El canciller ruso, Sergey Lavrov, acusó a Washington y la OTAN de haber entrado en una “guerra subsidiaria” en Ucrania (la traducción imperfecta de una “proxy war”, típica de la Guerra Fría) y agitó el fantasma de una tercera guerra mundial que podría transformarse en nuclear. Lo mismo hizo elípticamente Putin. Es cierto que rápidamente se retractó y aclaró que Rusia no está en guerra con la OTAN, sobre todo después de que China, el principal aliado de Rusia, se haya desligado de la amenaza de una nueva guerra mundial. Pero en sí mismo es un indicador del curso peligroso que pueden tomar los acontecimientos si la política de Estados Unidos deja a Putin ante la elección de rendirse o escalar la guerra más allá de Ucrania.
Por esto, el “ala realista” conservadora de la política exterior norteamericana insiste en que, ante la posibilidad de una escalada peligrosa, lo que más se ajusta al interés nacional imperialista es abrir una negociación con Putin para poner fin al conflicto. Richard Haass, uno de sus principales voceros que fue funcionario de los gobiernos de Bush, plantea en una nota reciente en la revista Foreign Affairs que Estados Unidos debe salir de la discusión táctica (cantidad y calidad del armamento enviado a Ucrania) y definir su estrategia antes de que sea demasiado tarde. Para eso aconseja seguir las lecciones de la guerra fría: evitar un enfrentamiento militar directo con Rusia y aceptar resultados limitados.
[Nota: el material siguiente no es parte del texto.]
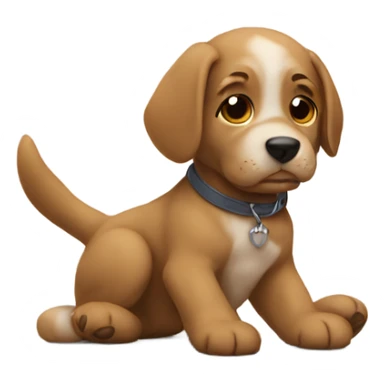 Man Puppy play sticker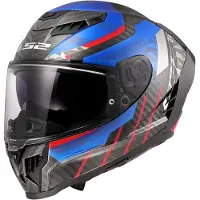 LS2 Ff807 Dragon Trax Full Face Helmet Noir M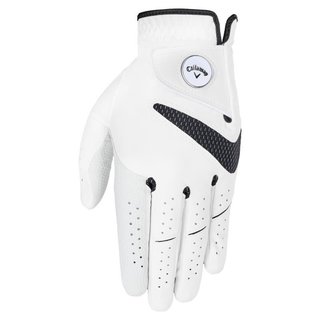 Callaway Syntech heren golfhandschoen, wit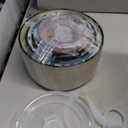 vancasso Ceramic Serving Bowls With Lids Set of 4, Airtight Nesting Bowls for Food Storage, Meal Prep, Leftovers, Microwave and Dishwasher Safe, 60/36/20/10 oz (Multicolor)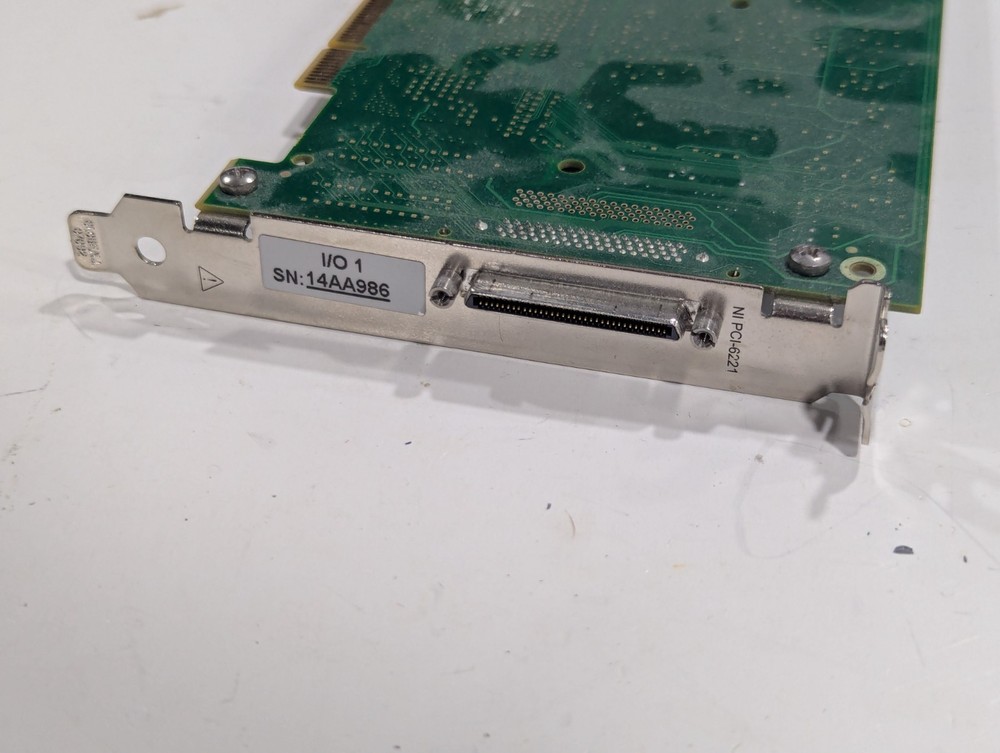 National Instruments PCI-6221 Multifunction Data Acquisition Card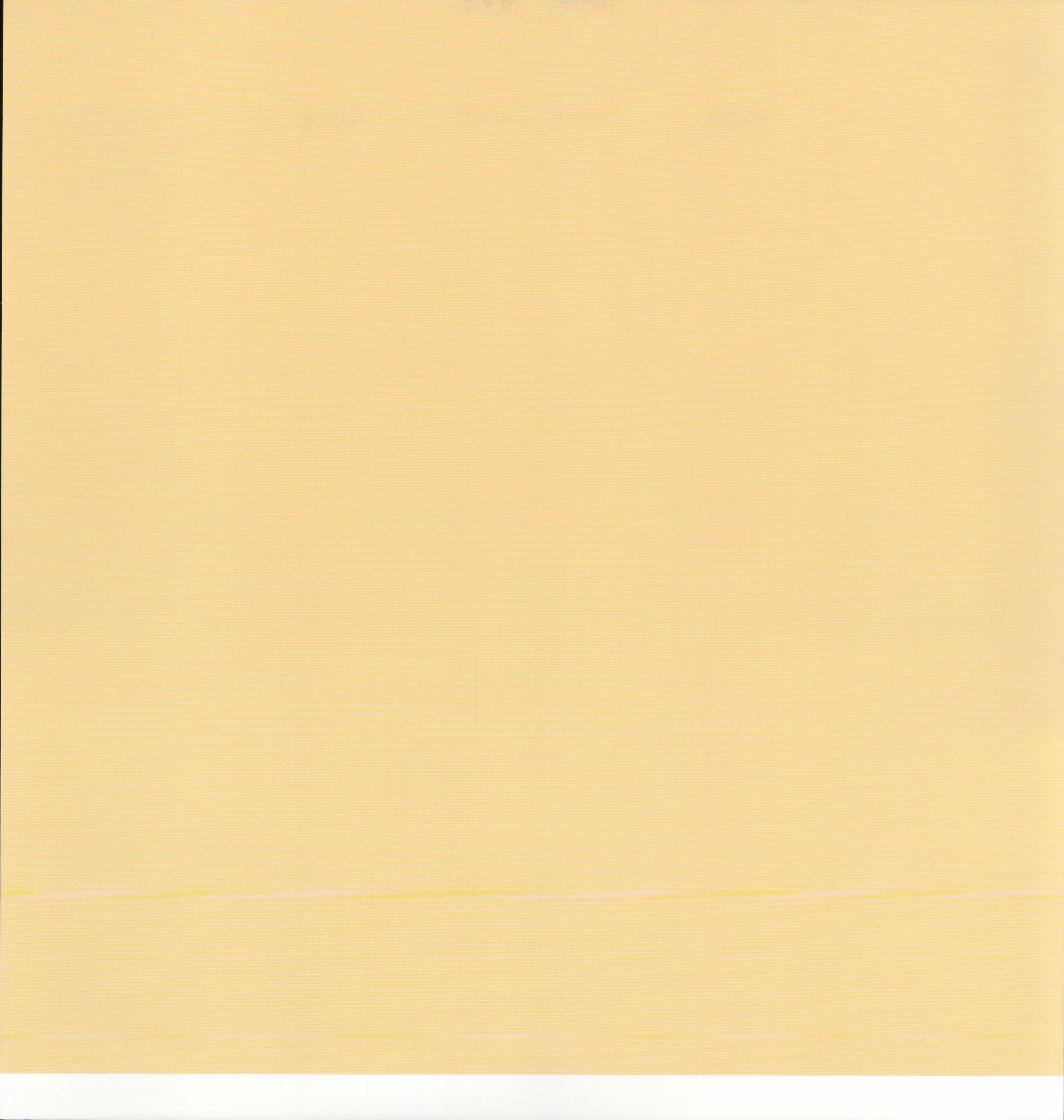 SEI Seasoned Zesty Stripes - solid butter yellow/cream 12x12 cardstock reverse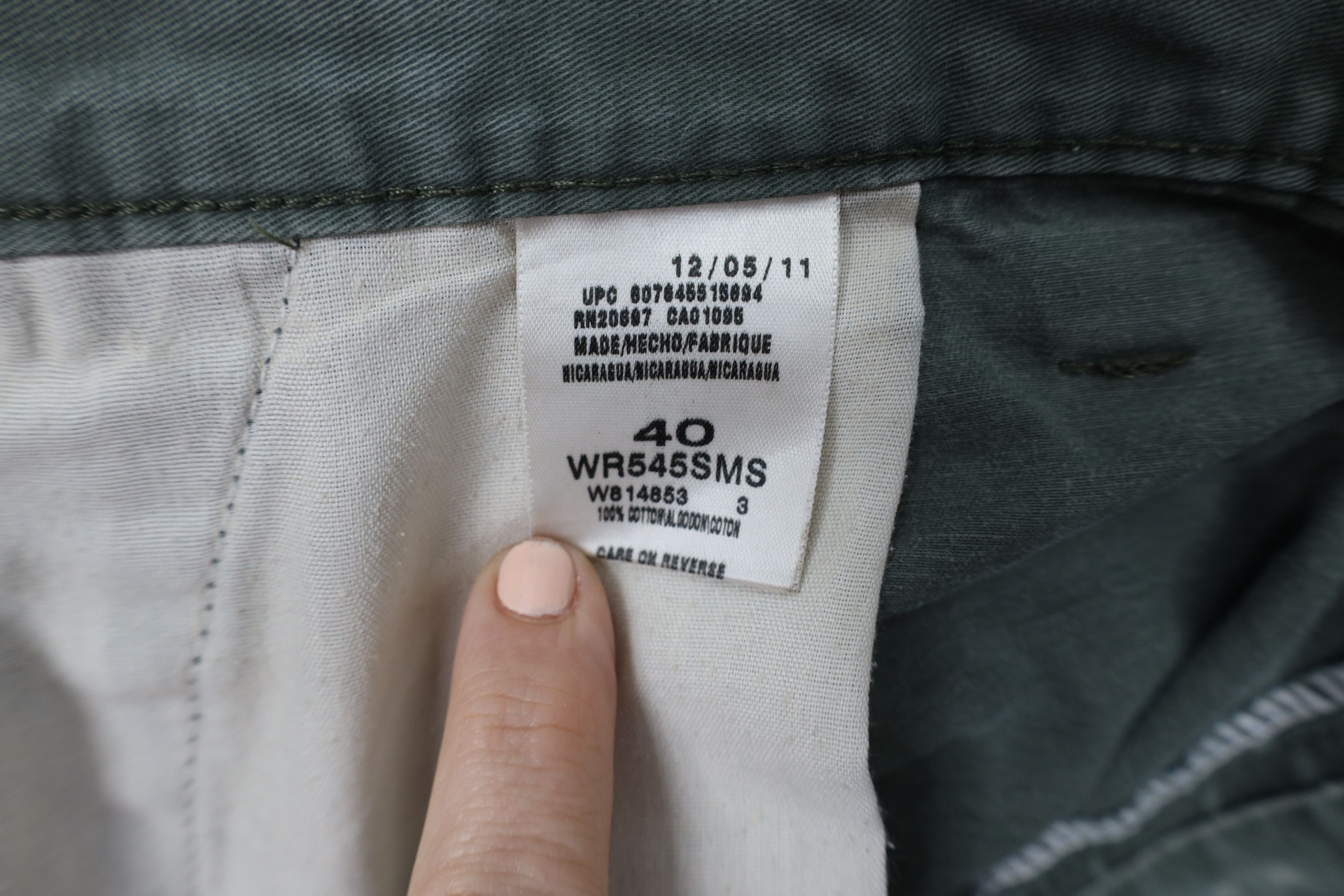 Dickies × Vintage Vintage Dickies Relaxed Fit Cargo Shorts Green Cotton Size US 40 / EU 56 - 8 Thumbnail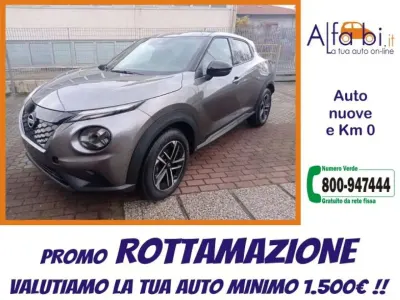 Nuova Nissan Juke N-Connecta 94 CV (69 kW) 2025 Vari colori SUV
En síntesis que sería un error definir, como reclaman los halcones, que el “cambio de régimen en Moscú es condición para detener la guerra”.
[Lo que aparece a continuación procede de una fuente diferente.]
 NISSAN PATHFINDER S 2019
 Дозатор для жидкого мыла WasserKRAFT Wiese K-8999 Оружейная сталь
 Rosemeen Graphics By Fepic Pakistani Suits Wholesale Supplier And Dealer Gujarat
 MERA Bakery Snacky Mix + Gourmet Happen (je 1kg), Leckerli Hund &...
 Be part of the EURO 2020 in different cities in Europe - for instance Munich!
En lo inmediato el gobierno de Biden está capitalizando la guerra de Ucrania para avanzar en recomponer la hegemonía norteamericana. Apunta contra Rusia para debilitar a China que hoy está en una alianza incómoda con Putin y anuncia un “nuevo orden mundial” bajo liderazgo de Estados Unidos. Pero lejos de una reedición de la “globalización neoliberal”, estratégicamente se ha abierto un período de grandes convulsiones económicas, políticas, sociales y militares del que la guerra en Ucrania es solo un síntoma.